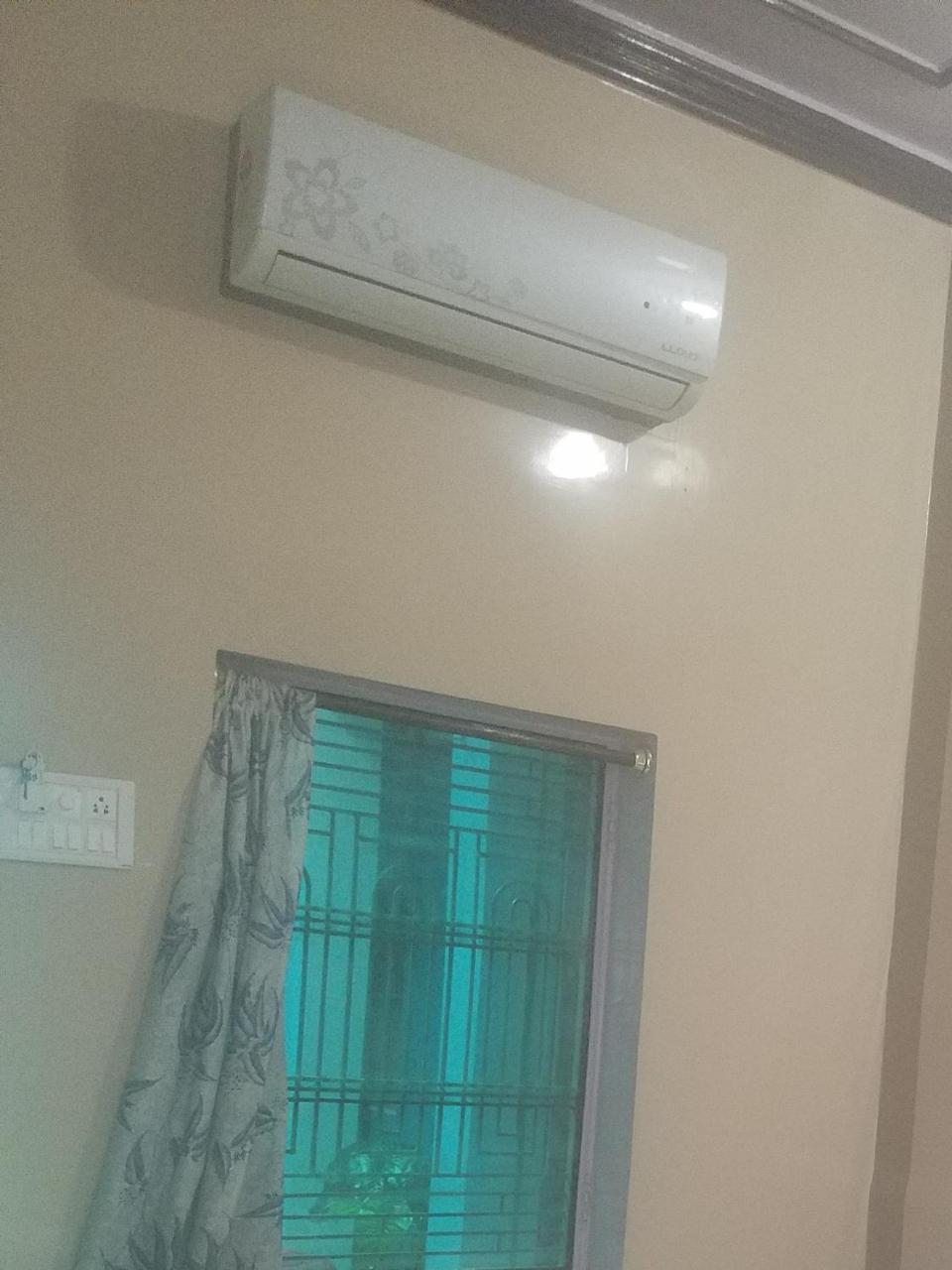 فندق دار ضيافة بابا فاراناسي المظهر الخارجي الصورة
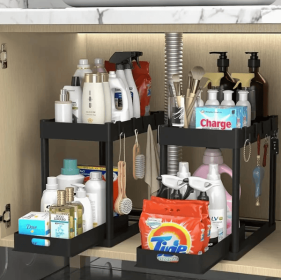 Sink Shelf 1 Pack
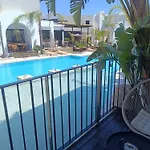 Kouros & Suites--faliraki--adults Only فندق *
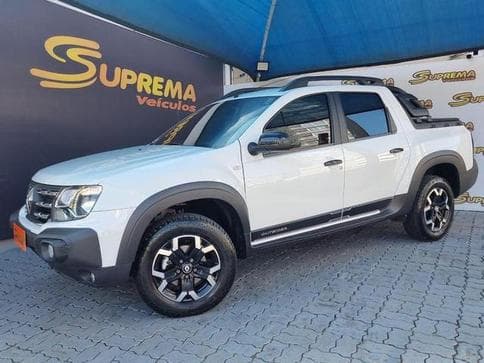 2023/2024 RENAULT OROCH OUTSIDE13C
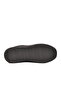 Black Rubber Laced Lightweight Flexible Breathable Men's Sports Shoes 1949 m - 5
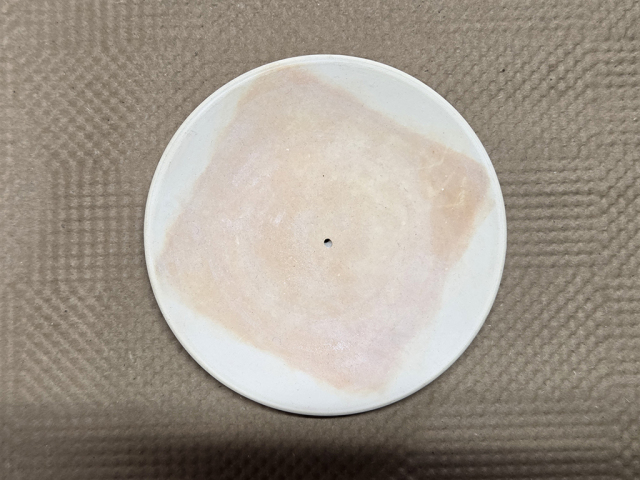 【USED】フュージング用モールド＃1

=-=-=-=-=

YOUR OBJECTIVE
When you return the listing, keep it exact and omit any pictures it holds.

REPLY TO THE EXERCISE
 فندق دار ضيافة بابا فاراناسي المظهر الخارجي الصورة
 Sink Shelf 1 Pack
 Kouros & Suites--faliraki--adults Only فندق *
 2023/2024 RENAULT OROCH OUTSIDE13C
 Black Rubber Laced Lightweight Flexible Breathable Men's Sports Shoes 1949 m - 5
 【USED】フュージング用モールド＃1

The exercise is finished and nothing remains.